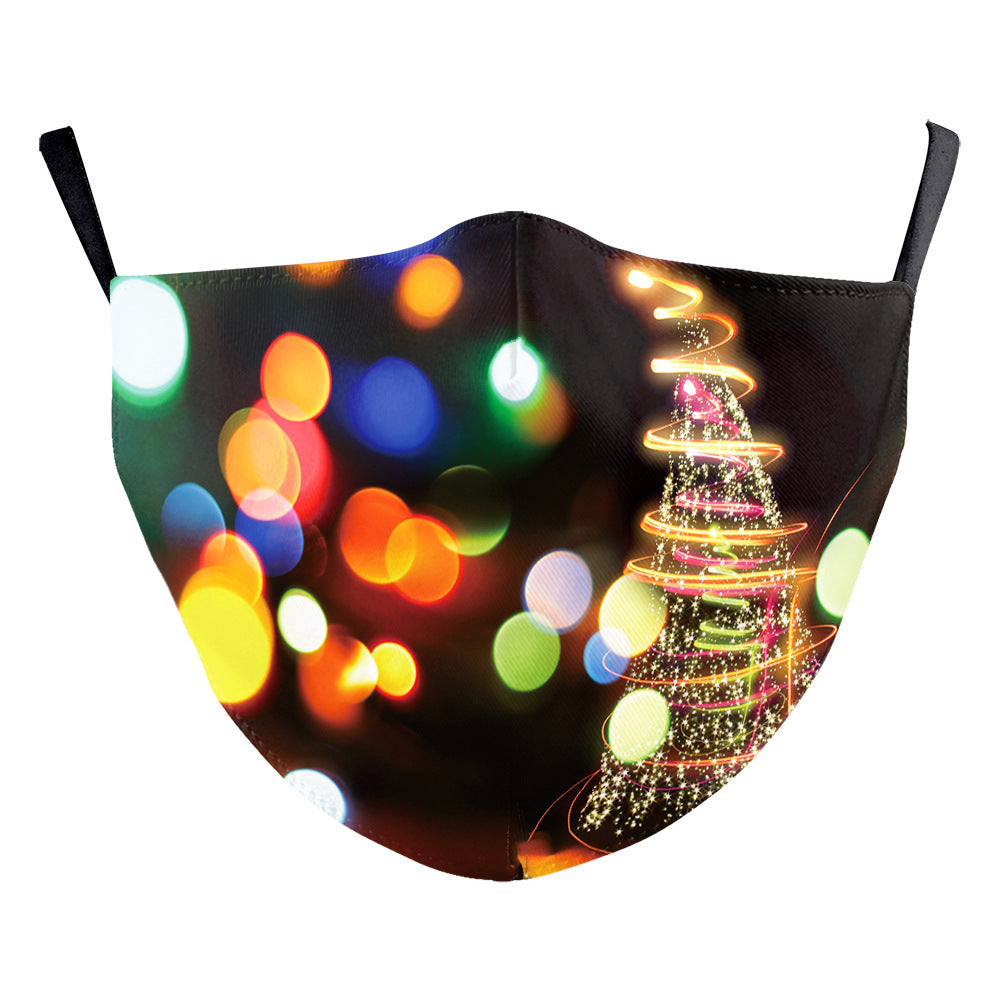 Christmas Light Shadow Digital Printing Double-layer Dust Mask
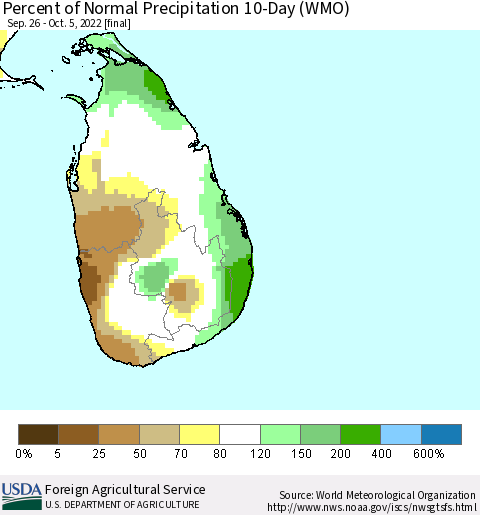 Sri Lanka Percent of Normal Precipitation 10-Day (WMO) Thematic Map For 9/26/2022 - 10/5/2022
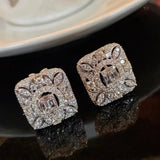925 Sterling Silver Flower Diamond Stud Earrings for Women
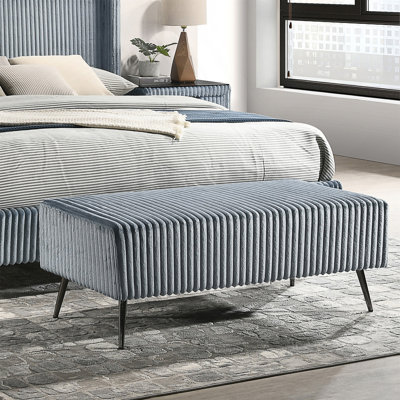 Banc rembourré en velours côtelé Mavela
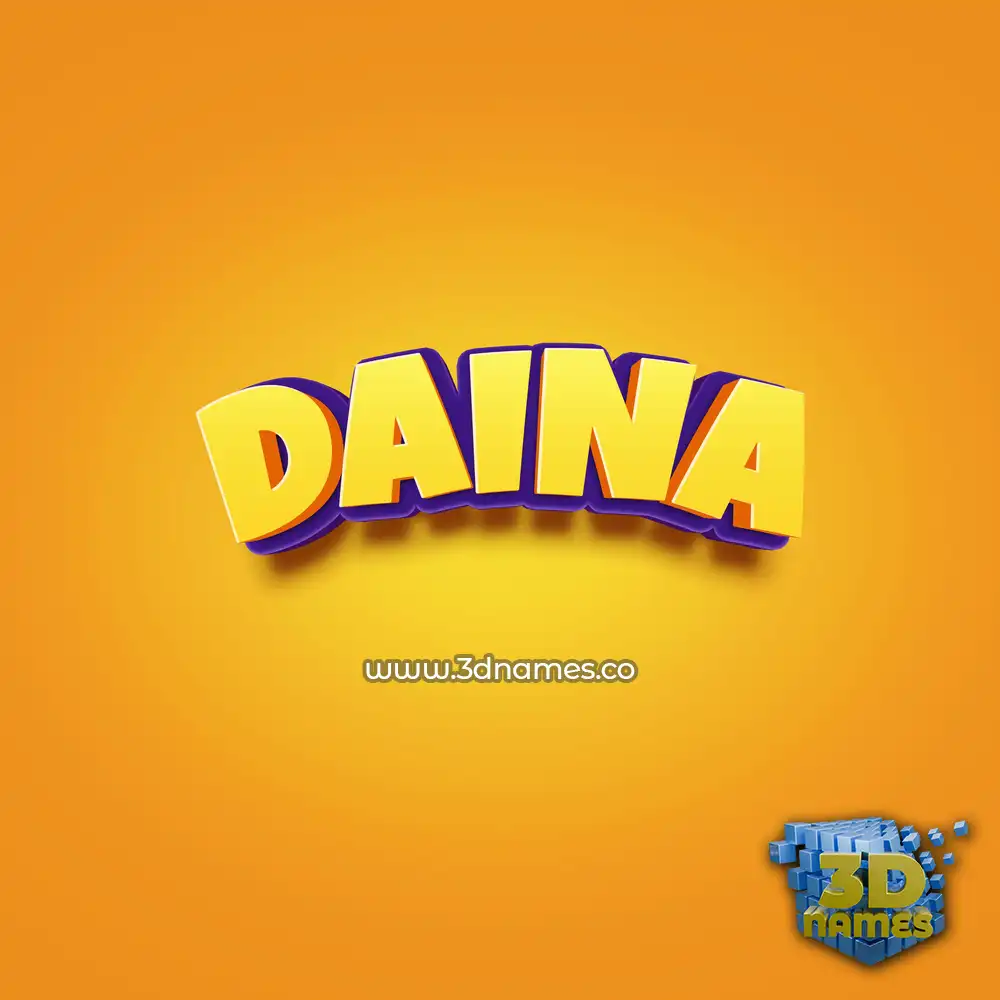 daina in Orange Toon style - 3D name wallpaper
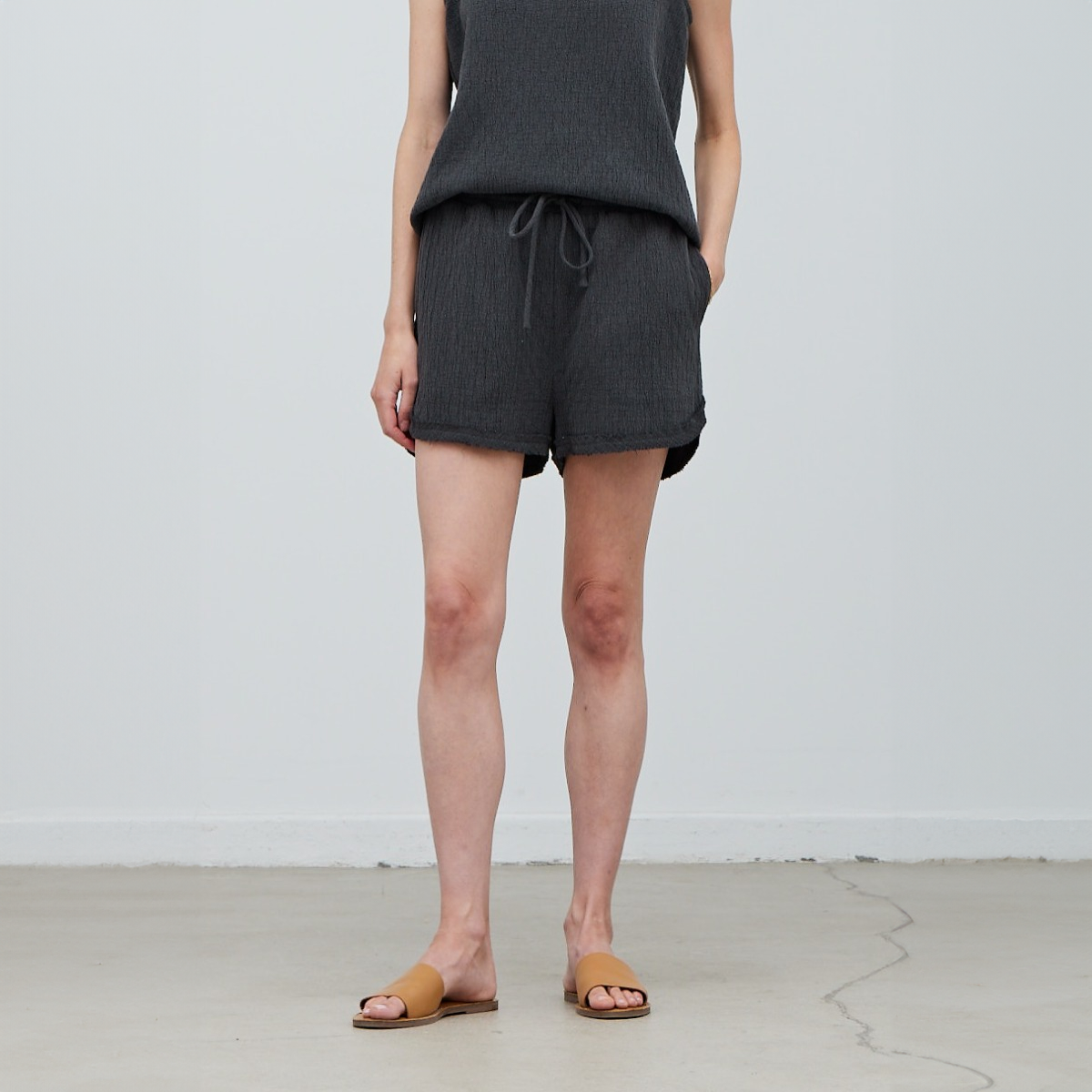 Raw Edge Sleeveless Top + Shorts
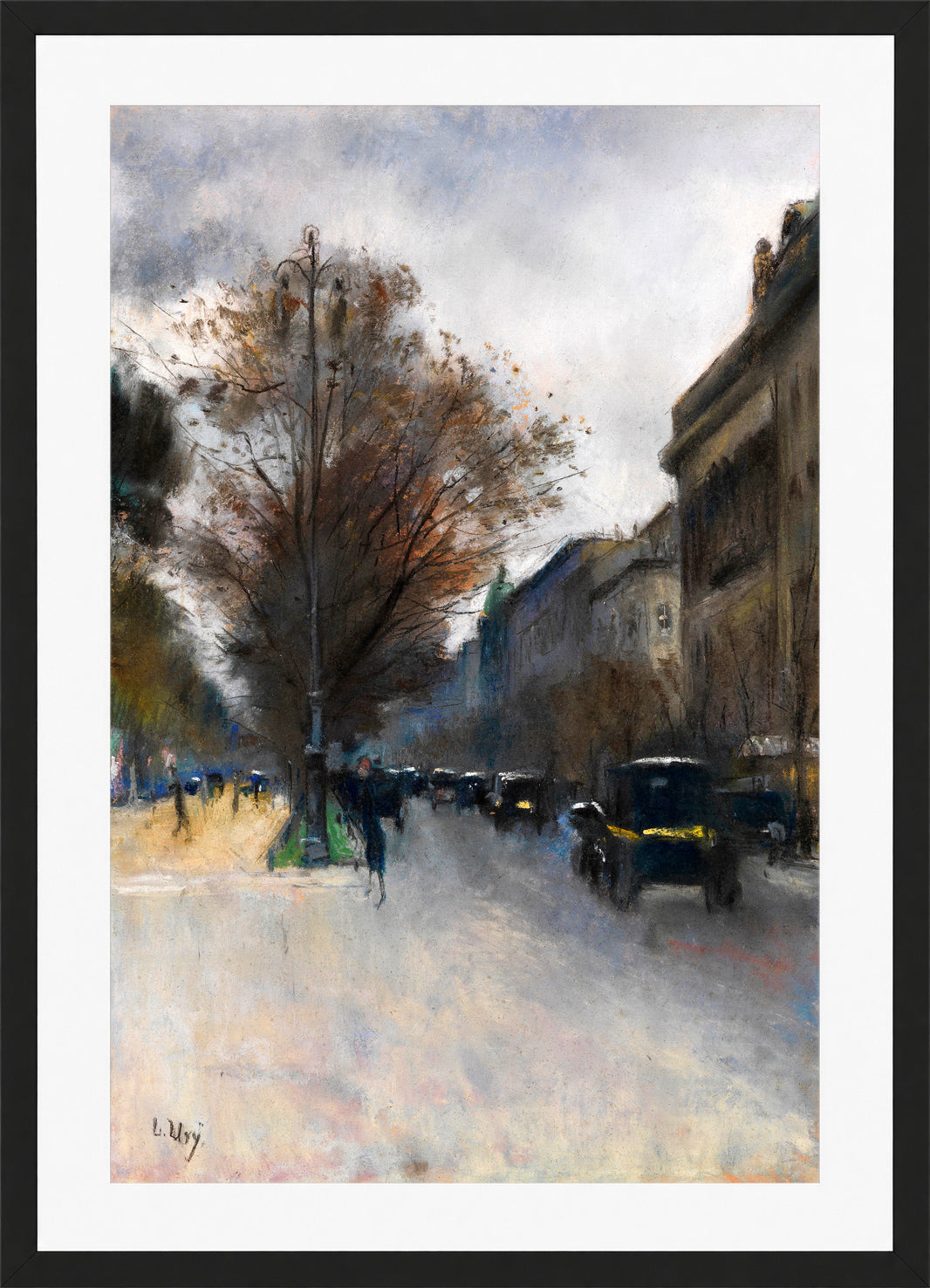 Berlin Street in Autumn, Hotel Adlon (1920) by Lesser Ury — black frame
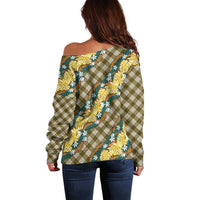 Polynesian Monstera Tiare Floral Off Shoulder Sweater Yellow Tropical Plaid - Polynesian Pride
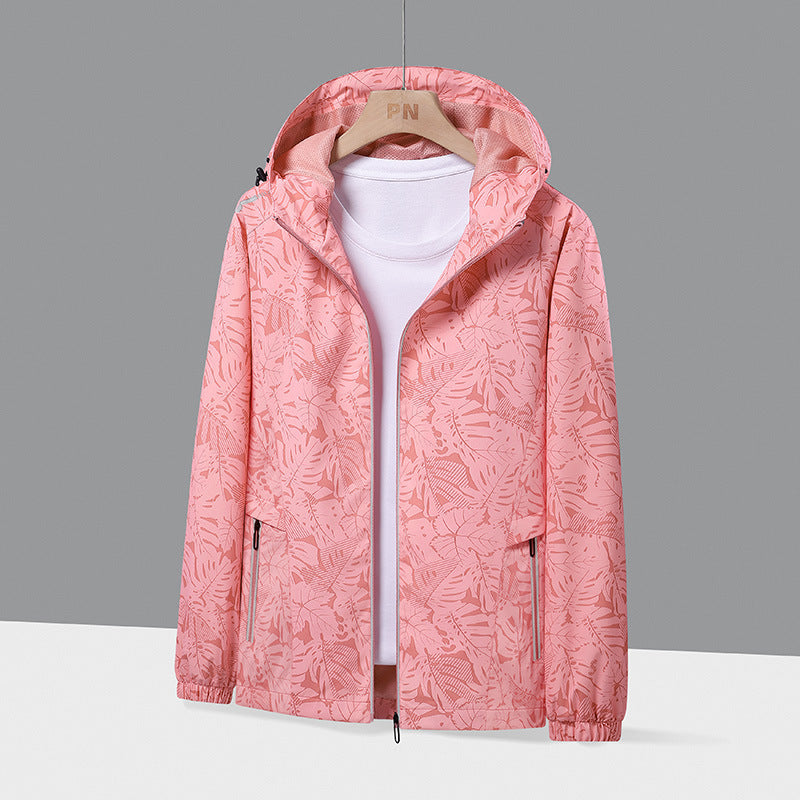 Women Lightweight Rain Jacket with Adjustable Hood Closure Mune Fashion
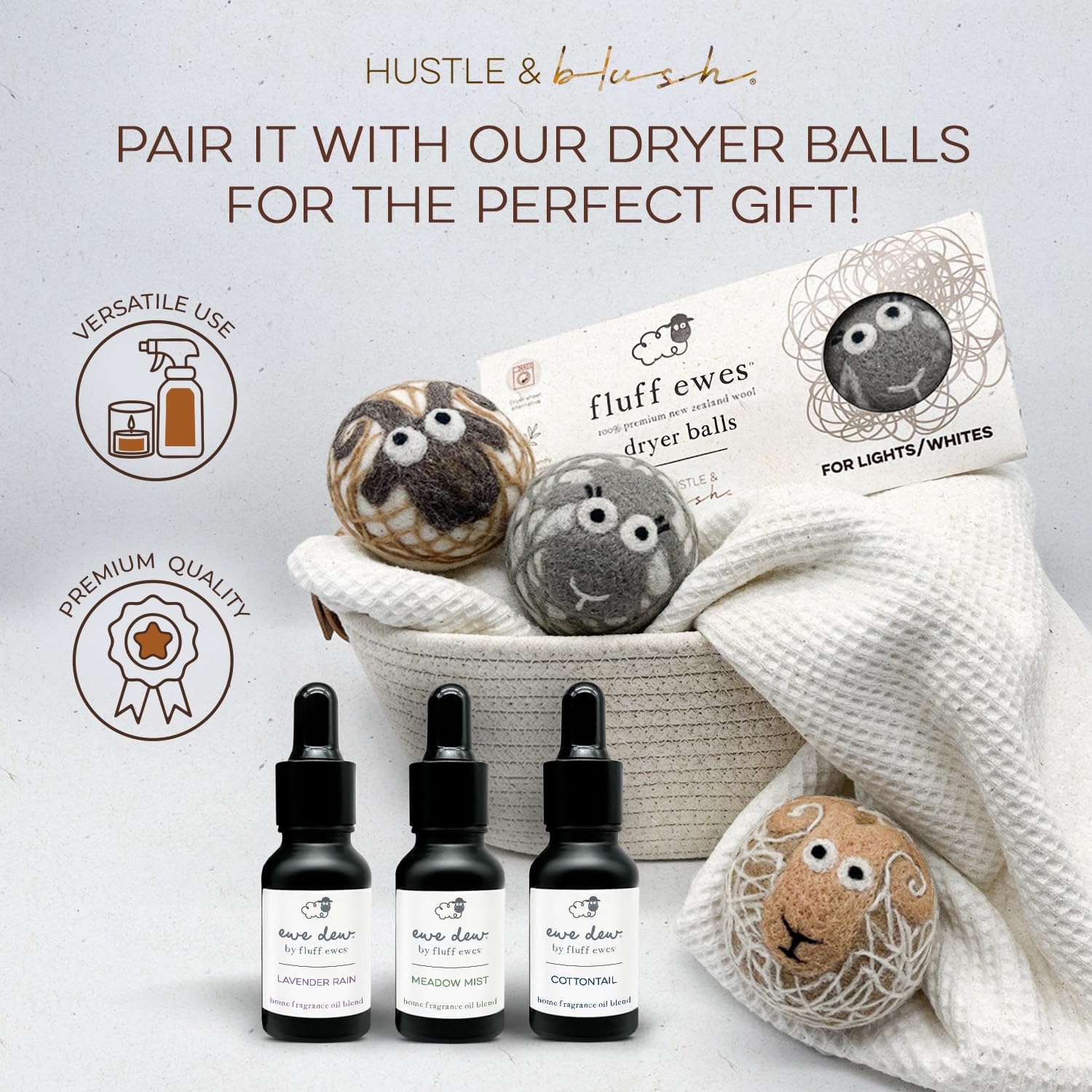Gift set concept with dryer balls and Lavender Rain essential oil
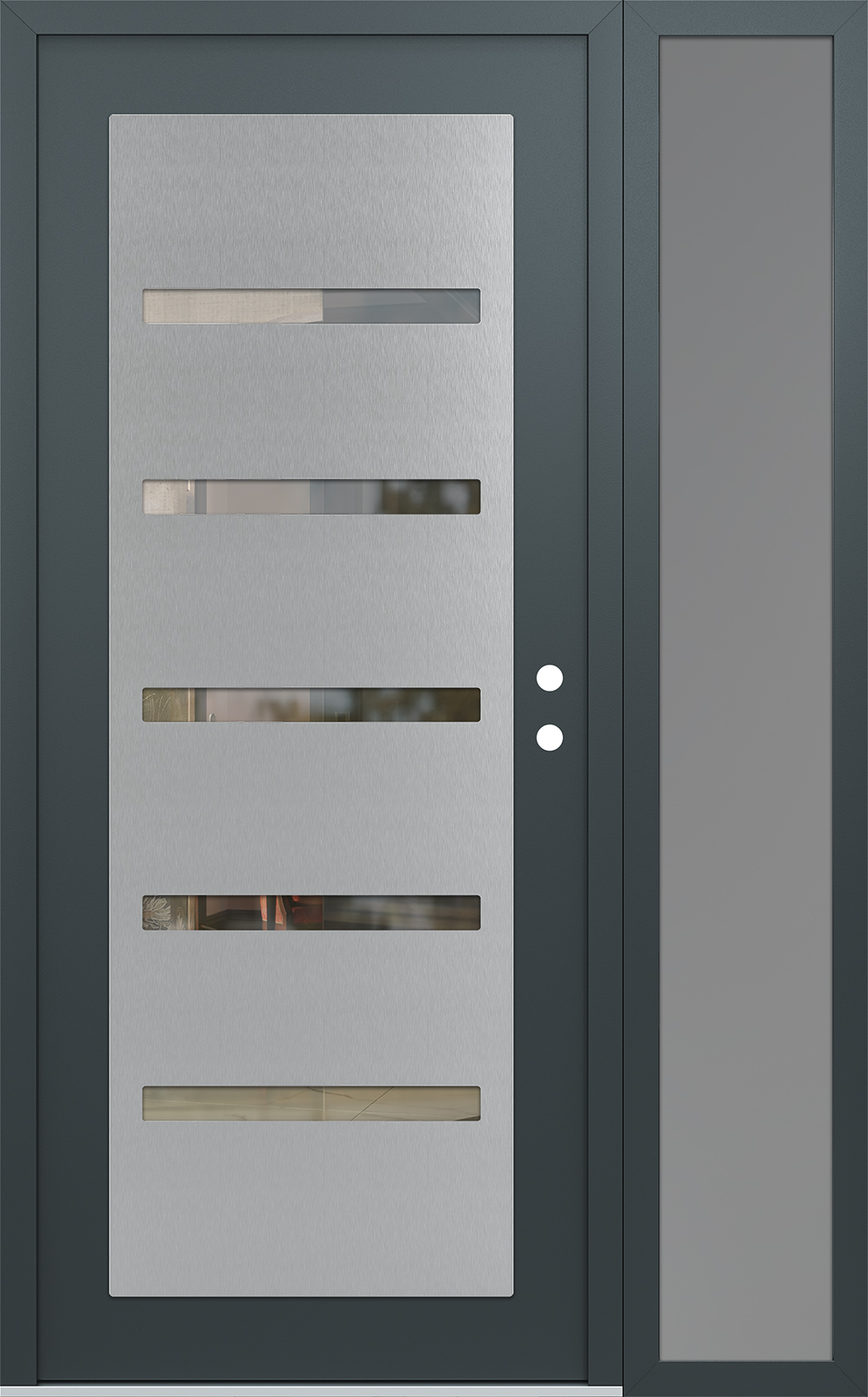 Modern Steel Front Door Diamond C7 48" x 80" anthracite/anthracite clear Glass Panel stainless steel LHI with Sidelite frosted Glass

**EXERCISE DETAILS**.
Your reply should consist only of the lines running from the line with "Berlin Street in" to the end of the entries, both included, copied exactly and without any pictures.

**ANSWER TO THIS PROBLEM**.
 Berlin Street in Autumn, Hotel Adlon (1920) by Lesser Ury — black frame
 Polynesian Monstera Tiare Floral Off Shoulder Sweater Yellow Tropical Plaid - Polynesian Pride
 Women Lightweight Rain Jacket with Adjustable Hood Closure Mune Fashion
Gift set concept with dryer balls and Lavender Rain essential oil
 Modern Steel Front Door Diamond C7 48" x 80" anthracite/anthracite clear Glass Panel stainless steel LHI with Sidelite frosted Glass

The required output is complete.